TMO Reports - Hard Drive Shortage Behind iPod Mini Global Delay

by , 3:30 PM EST, March 25th, 2004

Apple Computer confirmed to The Mac Observer Thursday that its announcement in delaying worldwide release of the iPod mini to July is due to a shortage of Hitachi-made hard drives.

"We're consuming almost all of those drives that are being made," Stan Ng, Director of iPod Worldwide Product Marketing, told The Mac Observer. "So we're putting them in iPod minis as quick as we can get them and trying to get them out as quickly as possible.

"The four gigabyte, one-inch drive is a new technology and is really on the cutting edge" he said. "(The manufacturer) is ramping up production to high volumes as soon as possible."

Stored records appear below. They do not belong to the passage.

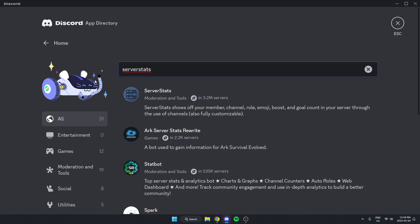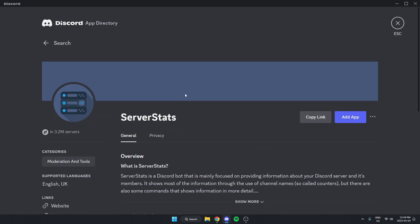As you can see, the first one that comes up is the server stat spot. We can select this. And then on the right, there's the blue add app option. We'll just select this.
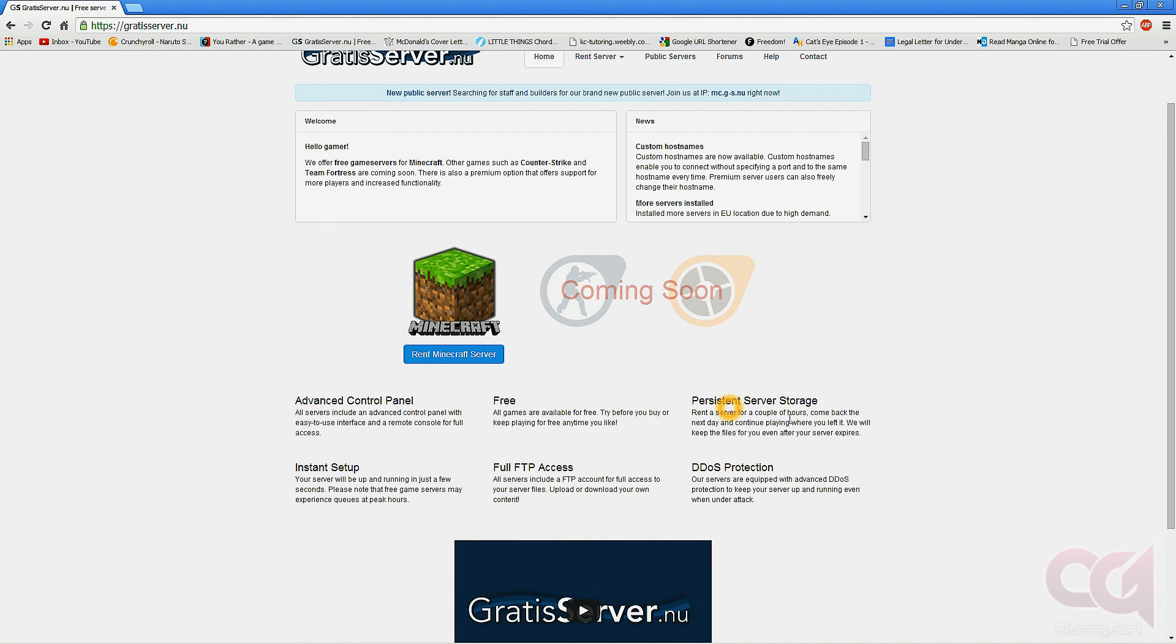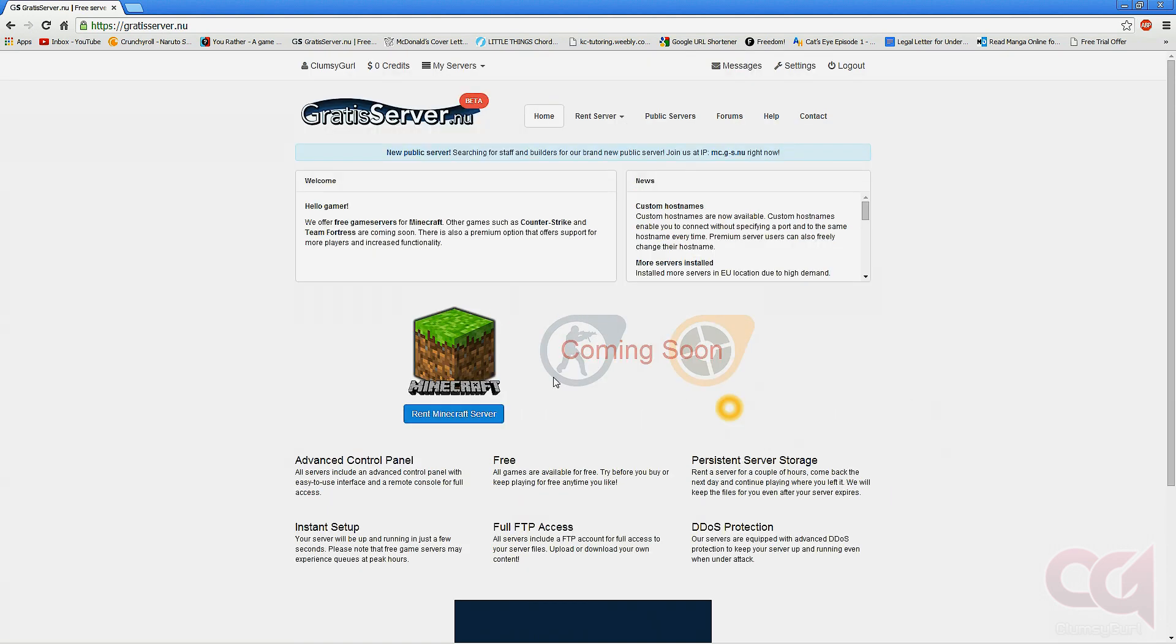for a couple of hours and come back the next day and continue playing where you left off. They will also keep your save files and things like that, so you want to go to rent a Minecraft server, which I already did.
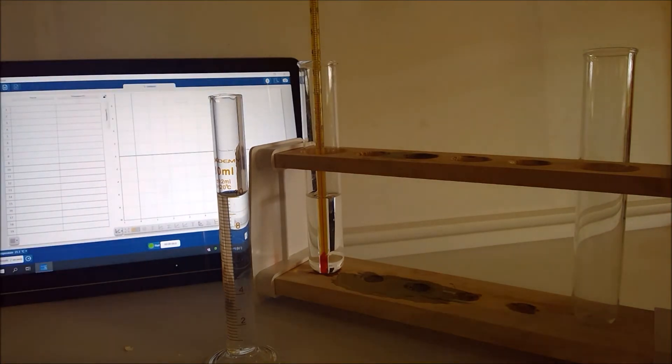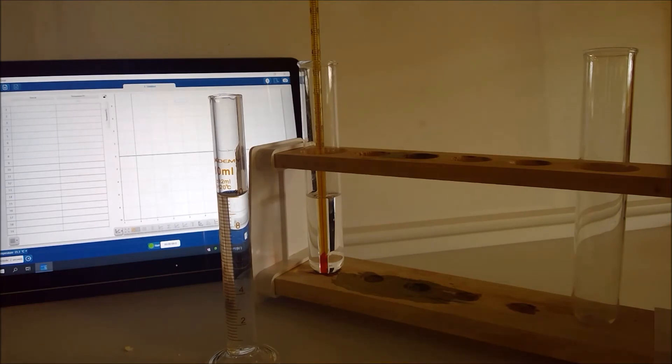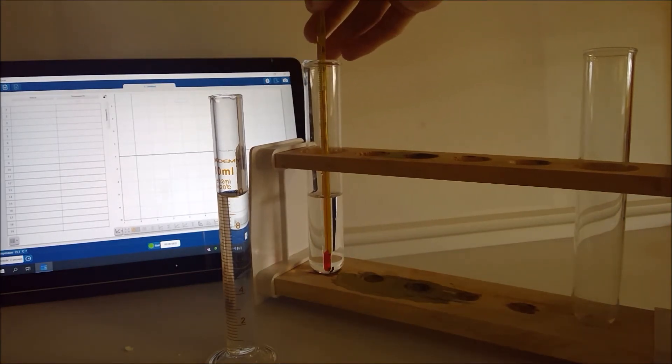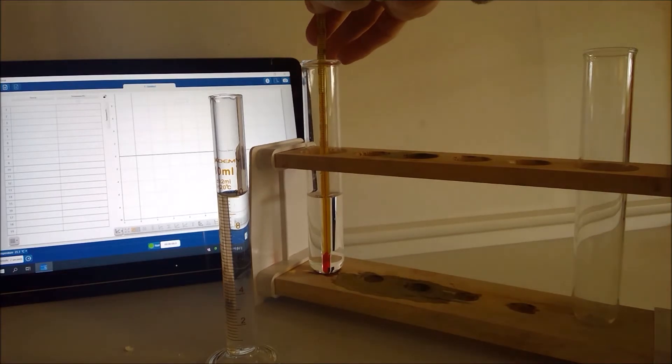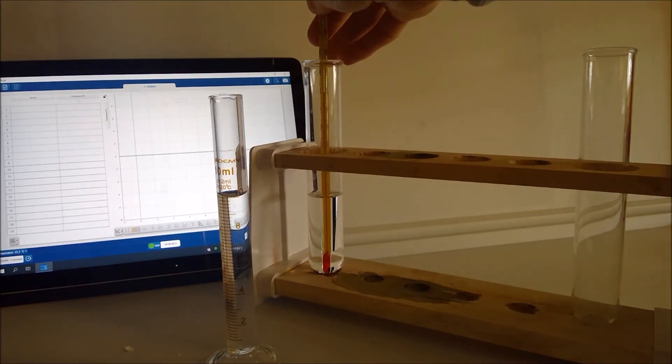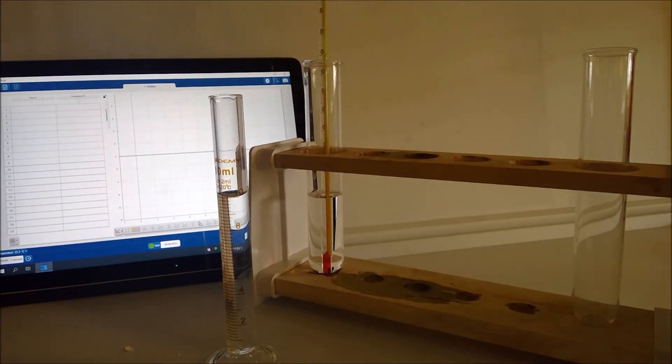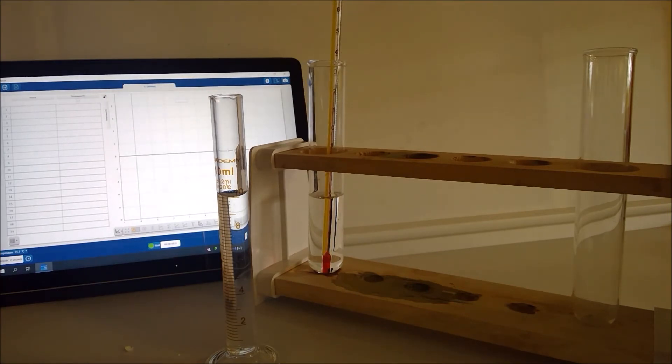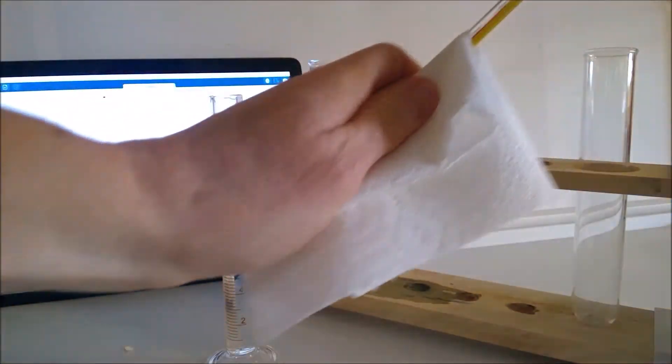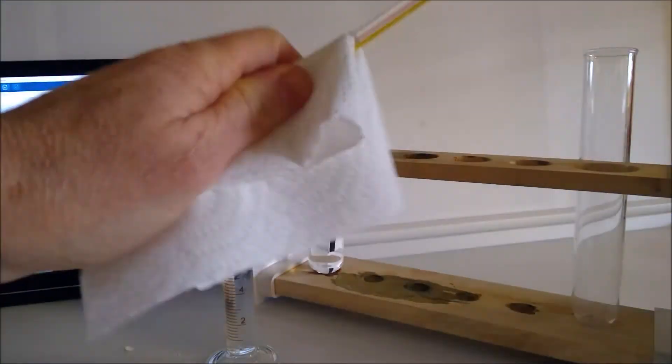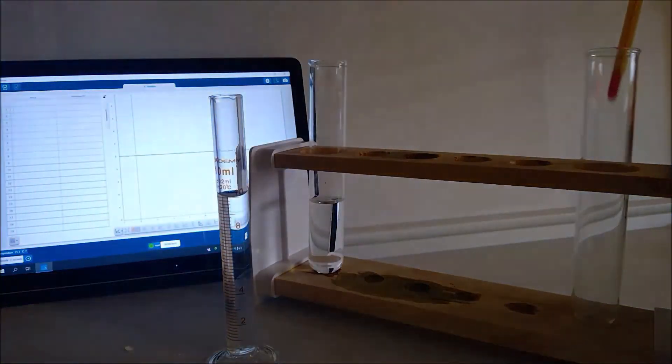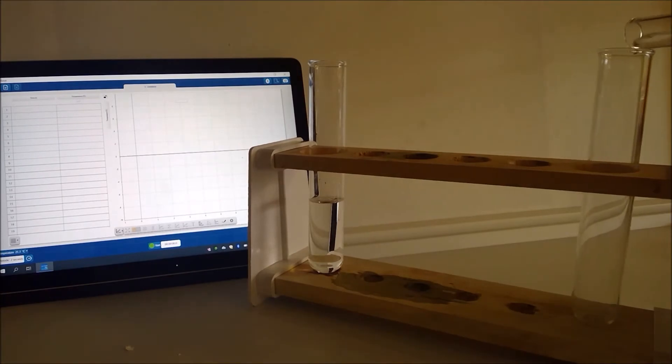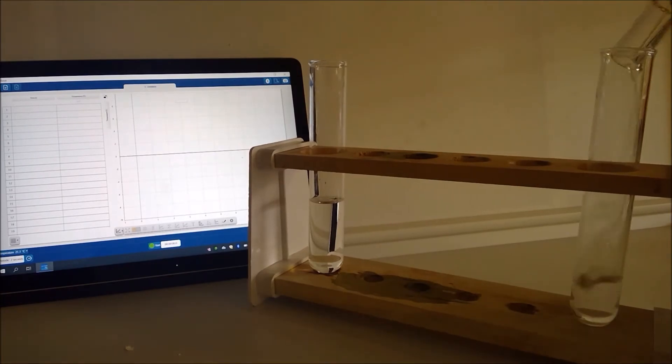Okay so we can record our initial temperature of the acid in the results table and that is reading 21.0 degrees C. And then I'll dry the thermometer there and we need to transfer our alkali into the boiling tube there.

A Hitachi spokesman confirmed to The Mac Observer that the drive has been in "great demand" and that the company has not been able to make enough of the product. The company said it began ramping up production to higher capacity in the last two weeks and expects to start meeting demand "in the next few months."

Neither Hitachi nor Apple have officially confirmed Hitachi makes the iPod drives, but it is widely known among industry watchers that Apple is using the Hitachi drive. In addition, Hitachi is the only manufacturer of a 4GB, one-inch size hard drive. Apple uses a 1.8-inch drive, also made by Hitachi, in the current generation of the Apple iPod.

Earlier Thursday, Apple announced that it was moving the worldwide availability of its iPod mini to July because demand in the United States has outstripped the expected supply through the end of June. Apple said it expected to ramp up its manufacturing of the iPod mini to meet worldwide demand in the July quarter.

Ng characterized the announcement as not a delay but as a "reallocation of the supply that we had planned through June."

"The demand in the US for the iPod mini has just been incredible," Ng said. "It's just been stronger than I think anyone could have expected and that demand is going to consume all the planned supply through June. We were kind of faced with some hard decisions of wanting to make sure we provided the product worldwide but not spreading it so thin that people couldn't buy them."

When asked if Apple underestimated the popularity of the iPod mini in not making enough, Ng responded: "I think we expected it was going to a hit...but demand was stronger than we expected in the US and there was a ramp-up period for these new technologies such as the drive."

Ng would not speculate on whether or not the worldwide delay of the portable player will affect sales internationally.

Analysts believe the decision to delay worldwide sales was the right one, given the momentum of sales in the US.

"They've got a solid market here that is moving product," said Steve Baker, analyst with NPD. "It makes no sense to shut off the supply when the demand appears to be so high. In Europe, because they haven't gotten the product yet, they can continue to build the 'buzz' about its coming. Once you start shipping a product (in the US), you've got to find a way to satisfy demand both from a customer standpoint and a retailer standpoint."

During February, the iPod player was the top portable music player at retail in the US, according to NPD Techworld. iPod unit sales, including two weeks of iPod mini unit sales, captured 33 percent of unit sales - a jump of eight percent since January. NPD's numbers do not include sales of iPod's through the Apple retail or online store.

MP3 competitors lagged far behind Apple's MP3 player dominance at 13.5 percent for RCA, 13.0 percent for Rio and 10.0 percent for iRiver.

Ng said Apple will re-assess pricing of the iPod mini for Europe before the product is available in July, as it promised back in January.

"The currencies are so volatile these days that speculating now or back in January is just premature," Ng said. "As we get closer to that July date, we'll definitely take a look at the (European) pricing, re-evaluate and see what's appropriate for the kind of climate of the currencies at the time."

There was some criticism of the iPod pricing for Europe when it was first announced, with many saying it was not equal in value to that of the price Americans were paying. For example, Apple currently plans on selling the iPod mini in Great Britain for £199.00 including VAT. At today's currency rates, the price would be equal to US$360.00 - US$110 more than the American price tag.